Ramblings of an aging IT geek
← Ramblings of an aging IT geek
debugging

it was the mtu, it's always the mtu

A connection that handshook fine and then hung mid-transfer turned out to be a classic MTU mismatch over a tunnel, with broken path MTU discovery hiding it.

A bug crawling across a terminal screen

The symptom was the worst kind: it worked. Mostly. You could SSH into the box, you could run ls, you could read a short file. Then you tried to scp anything of size, or cat a real log, and the session froze stone dead halfway through. Ping was perfect. The TCP handshake completed instantly. Small requests flew. Large ones vanished into the void.

I want to write this down because I lost the best part of an afternoon to it, and because the answer was the answer it is always going to be. It was the MTU. It is always the MTU.

the shape of the problem

The thing that should have tipped me off sooner was the asymmetry between "connects fine" and "dies under load". When the handshake works but bulk transfer hangs, you are almost never looking at a firewall rule or a routing problem, because those tend to fail cleanly and immediately. You are looking at something that only bites once the packets get big.

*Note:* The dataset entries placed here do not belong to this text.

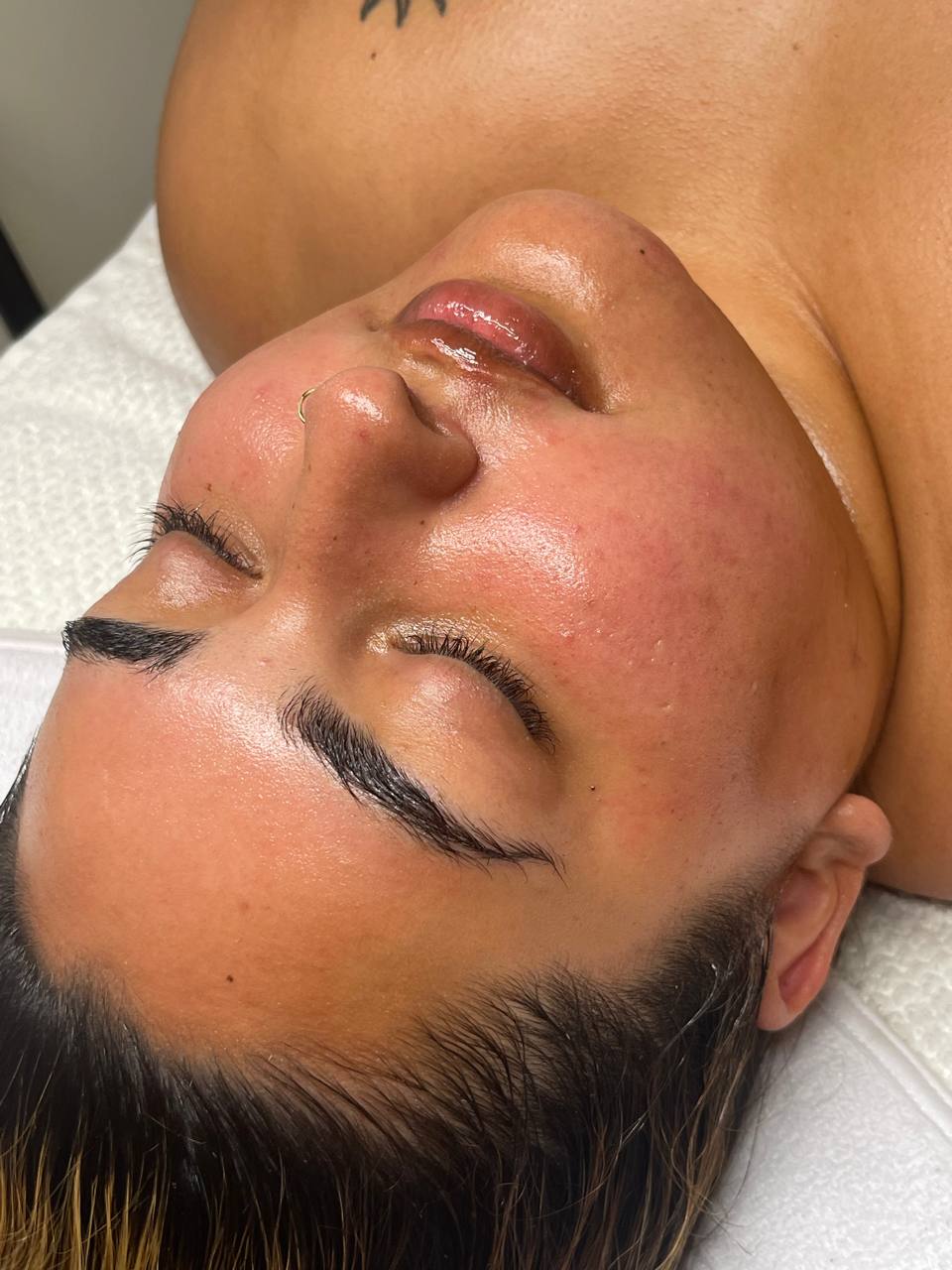 PIGMENTATION FACIAL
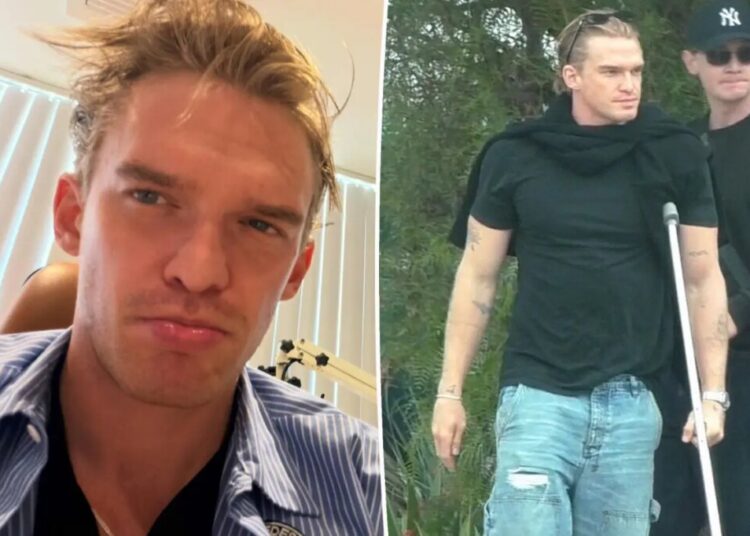 Cody Simpson ‘can’t walk or talk’ after horrifying double injury: ‘I’ll be back stronger’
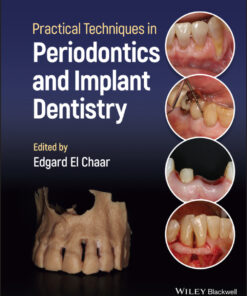 Practical Techniques in Periodontics and Implant Dentistry - 1st Edition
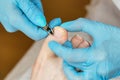 Master chiropody removes cuticle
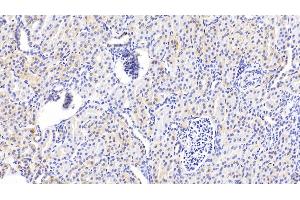 Immunohistochemistry (IHC) image for anti-Tensin 1 (TNS1) (AA 4-307) antibody (ABIN7444820)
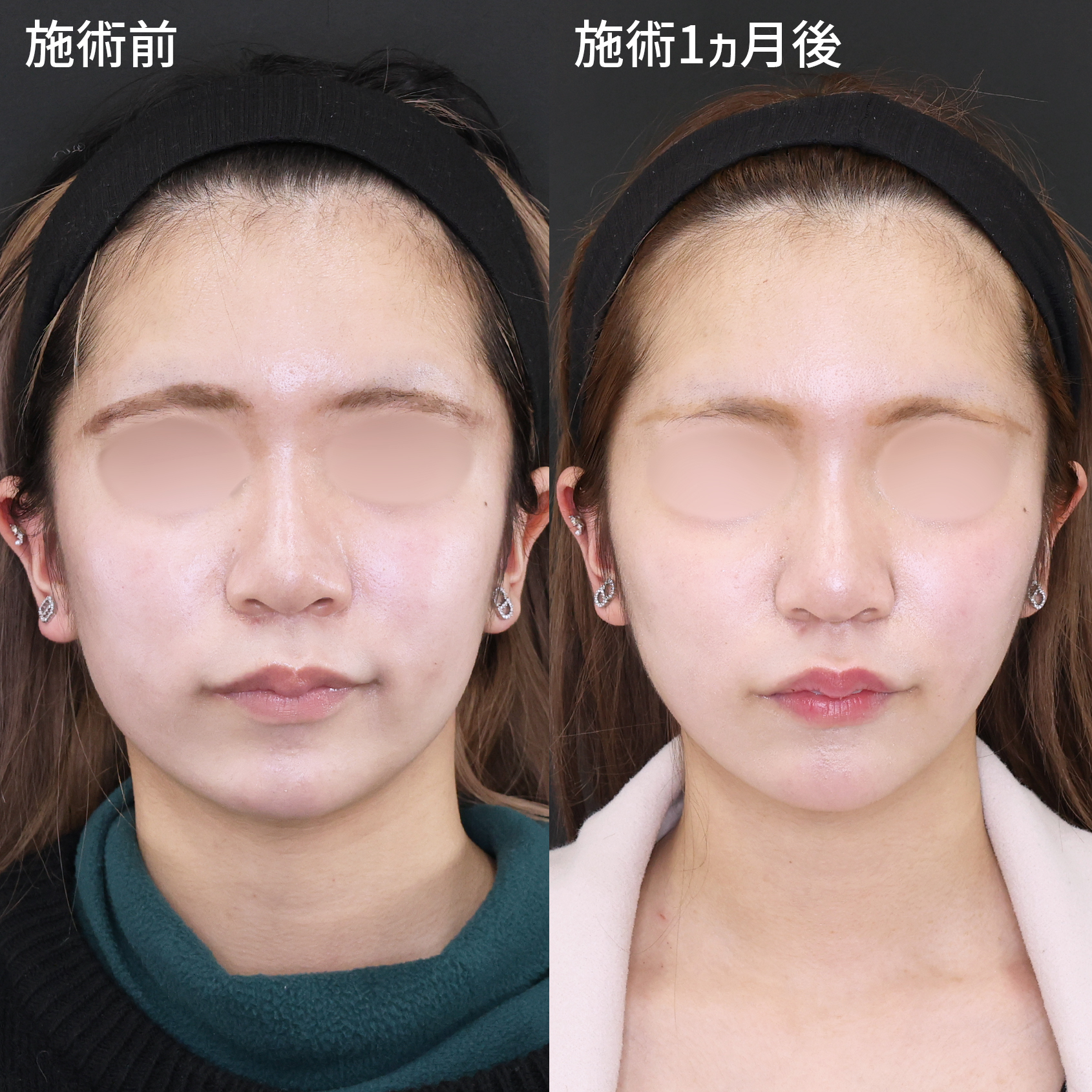 【脂肪吸引×糸リフト】悩みの箇所へピンポイントでアプローチ◎【モテ小顔術】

Small packets fit. The SYN, the SYN-ACK, the first few hundred bytes of an interactive session: all tiny, all under any plausible MTU, all delivered. Then TCP ramps up, starts sending full-size segments to fill the window, and those full-size segments are too big to cross some link in the path. They get dropped. Silently. The connection stalls, retransmits the same too-big packet, gets it dropped again, and sits there until something times out. From the user's chair it just hangs.

proving it

You do not have to guess at this. Ping with the don't-fragment bit set and a payload size, and walk it down until packets start getting through:

ping -M do -s 1472 10.0.0.5

1472 bytes of payload plus 28 bytes of ICMP and IP headers is 1500, the standard Ethernet MTU. On this path that came straight back with:

ping: local error: Message too long, mtu=1500

no, worse, it came back with the frozen, no-reply version. Drop the size and try again:

ping -M do -s 1422 10.0.0.5

That one worked. So somewhere in the path the usable MTU was around 1450, not 1500. The missing fifty-odd bytes is the tell. That is roughly the overhead of a tunnel header, and this traffic was crossing a GRE tunnel between two sites. GRE eats about 24 bytes, IPsec more, and nobody had told the interfaces.

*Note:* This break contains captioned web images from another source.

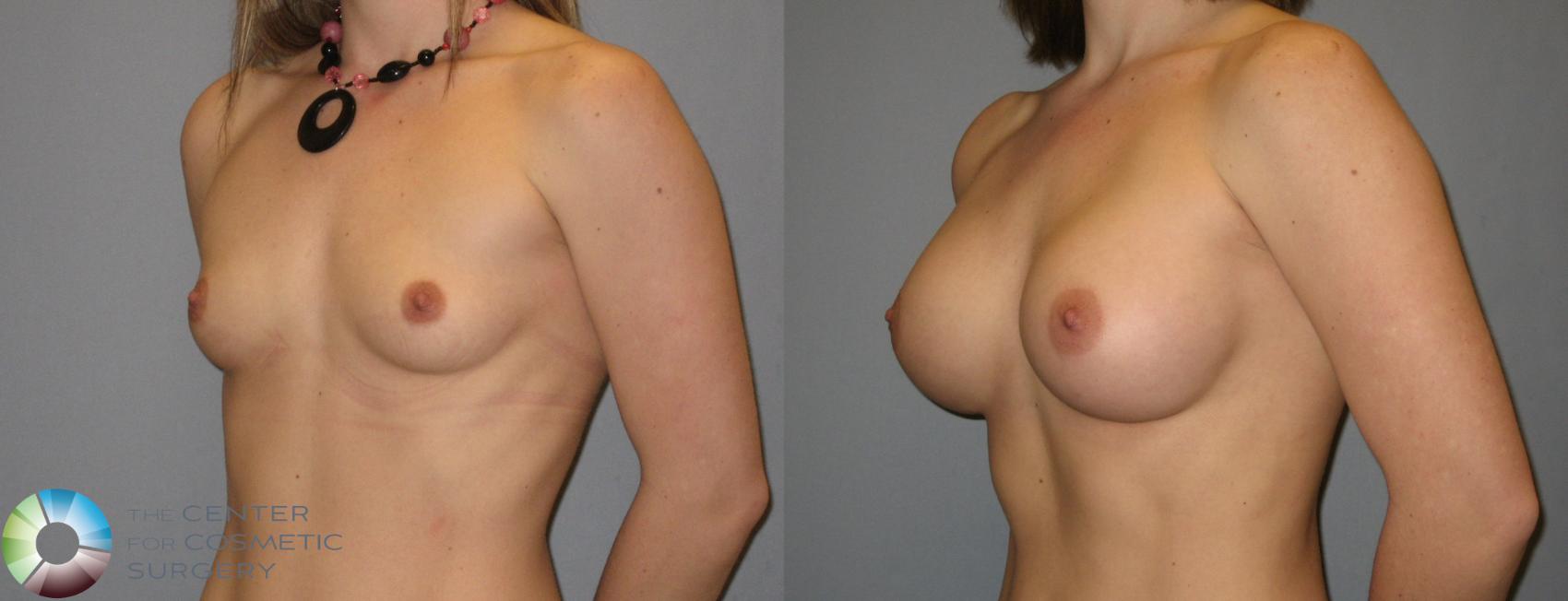 Before & After Breast Augmentation Case 169 View #2 in Denver and Colorado Springs, CO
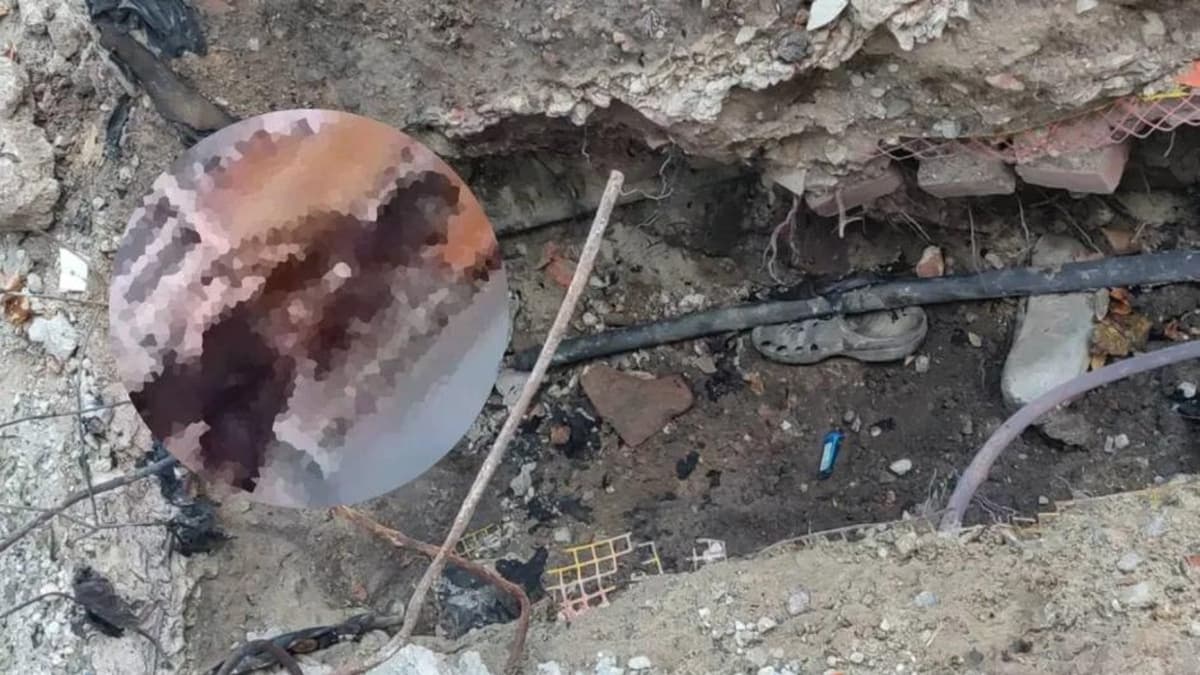 Ladrón intenta robar cables y termina con 90% del cuerpo quemado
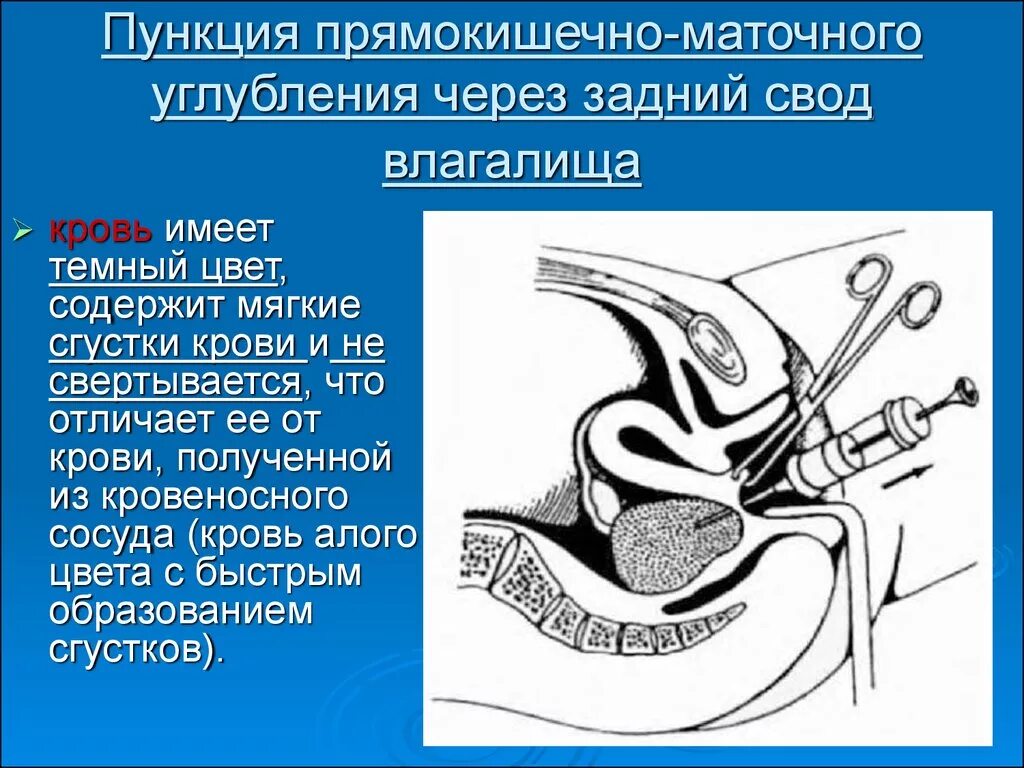 Глубокие своды. Пункция заднего свода брюшной полости. Пункция заднего свода в гинекологии. Прямокишечно-маточное пространство. Пункция прямокишечно-маточного углубления.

A close-up of packet capture output on screen

The reason this is invisible day to day is path MTU discovery. In a healthy network the router that cannot forward the oversized packet sends back an ICMP "fragmentation needed" message, the sending host shrinks its segment size, and everything carries on a little smaller and none the wiser. The whole mechanism is built to handle exactly this. It works beautifully, right up until somebody, somewhere, decides ICMP is scary and blocks it at a firewall.

And of course somebody had. The ICMP "fragmentation needed" packets were being dropped by an overzealous rule a couple of hops away, so the sender never got the memo. It kept cheerfully firing 1500-byte packets into a 1450-byte tunnel, and the tunnel kept quietly binning them. This is the famous PMTUD black hole, and it is responsible for more "the website loads but the download hangs" tickets than I care to count.

the fixes, least to most polite

The blunt fix is to lower the MTU on the tunnel interface so it stops trying to send packets that cannot fit:

ip link set dev gre0 mtu 1400

That works and it is honest. Everything sent over that interface is now small enough to cross the path without fragmentation, ICMP or no ICMP.

The cleverer fix, and the one that survives someone forgetting the interface MTU later, is to clamp the TCP maximum segment size at the router so every TCP session negotiates a sane segment size up front:

iptables -t mangle -A FORWARD -p tcp --tcp-flags SYN,RST SYN \
  -j TCPMSS --clamp-mss-to-pmtu

MSS clamping rewrites the MSS option in the SYN as it passes through, so both ends agree to keep their segments small enough to fit before they ever send a full-size packet. It only helps TCP, but TCP is what was hurting, and it does not depend on ICMP getting through.

The properly polite fix is to go and find whoever is dropping ICMP type 3 code 4 and have a quiet word, because they have broken a load-bearing part of the internet to feel safe. But that is a longer conversation and usually involves a change request.

the lesson, again

Every few months I convince myself I have internalised this and will spot it instantly next time. I never do. The shape is always slightly different: a VPN, a GRE tunnel, a cloud overlay network, jumbo frames on one switch and not the next, a VXLAN somebody stood up last week. The symptom is identical every time. Handshake fine, small stuff fine, big transfers hang. Ping with don't-fragment, walk the size down, watch where it falls over, count the missing bytes.

It is always the MTU. Write it on a sticky note. I have.